要剥壳也是消闲食品的一个必要条件。倘没有壳,吃起来太便当,容易饱,时间就不能多多消磨了。一定要剥,而且剥的技术要有声有色,使它不像一种苦工,而像一种游戏,方才适合于有闲阶级的生活,可让他们愉快地把时间消磨下去。

具足以上三个利于消磨时间的条件的,在世间一切食物之中,想来想去,只有瓜子。所以我说发明吃瓜子的人是了不起的天才。而能尽量地享用瓜子的中国人,在消闲一道上,真是了不起的积极的实行家!试看糖食店、南货店里的瓜子的畅销,试看茶楼、酒店、家庭中满地的瓜子壳,便可想见中国人在“格,呸”“的,的”的声音中消磨去的时间,每年统计起来为数一定可惊。

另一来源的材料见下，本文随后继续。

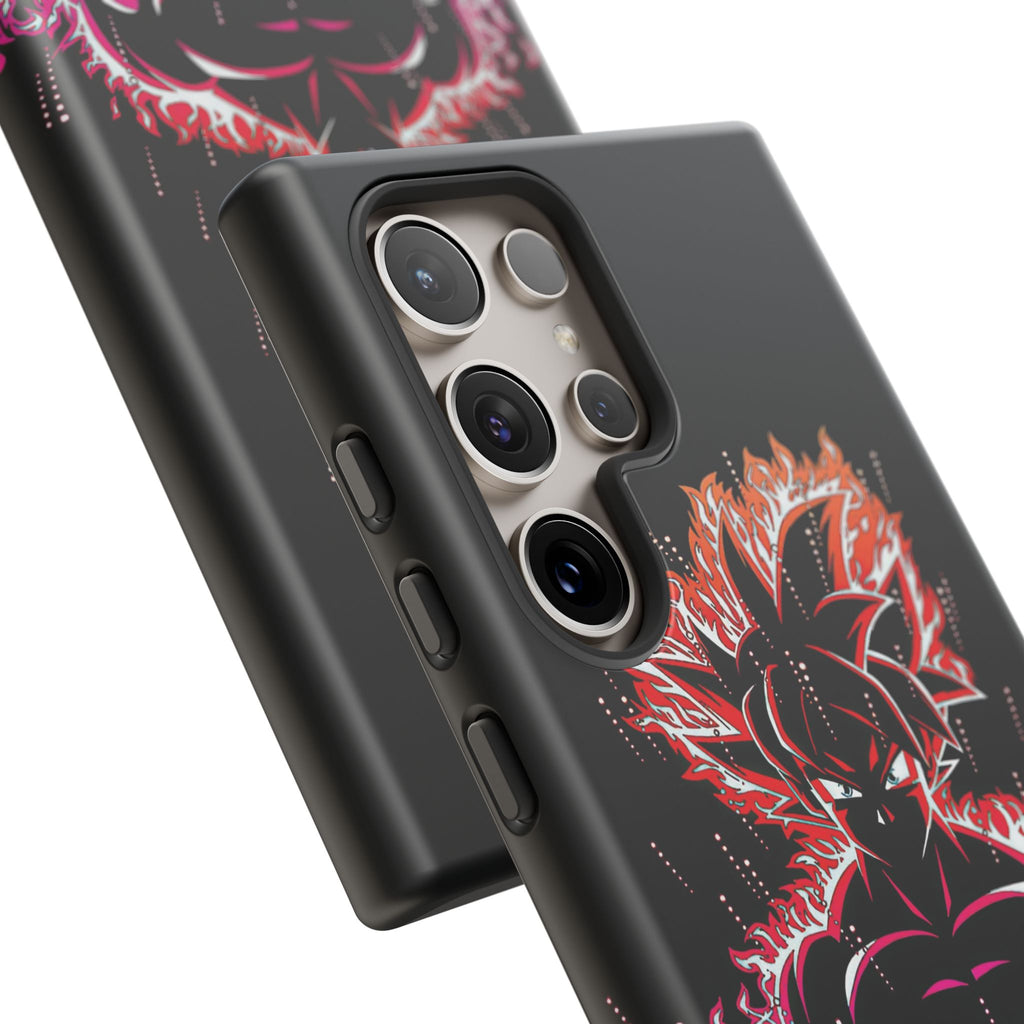 Dragon Ball Z  Tough Case for iPhone, Galaxy, or Google Pixel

将来此道发展起来,恐怕是全中国也可消灭在“格,呸”“的,的”的声音中呢。

我本来见瓜子害怕,写到这里,觉得更加害怕了。

一九三四年四月二十日

(选自崇文书局《丰子恺散文精选(青少版)》,略有删节)

点读

“格,呸”“的,的”“长个屎尖头”……这样有声有色、有趣有味的文字,你可能很难在其他作家的文字里看到。第一次读到《吃瓜子》这篇散文,也是在我的初中时代,如今再次读来,仍然让我为之倾倒。经典文字的魅力就在于它可以穿越时空,让人久久难以忘怀。

丰子恺作为一代大师,既有画家捕捉生活的敏锐,更有作家描摹生活不凡的表现力。在行文的推进过程中,我们可以放大细节,轻缓动作,这样,我们就可以听见那些“格,呸”“的,的”的声响了。

给自己画像

◎方 成

方成,不知何许人也。原籍广东中山,但生在北京,说一口北京话。自谓姓方,但其父其子都姓孙。非学画者,而以画为业。乃中国美术家协会会员,但宣读论文是在中国化学会。终生从事政治讽刺画,因不关心政治屡受批评。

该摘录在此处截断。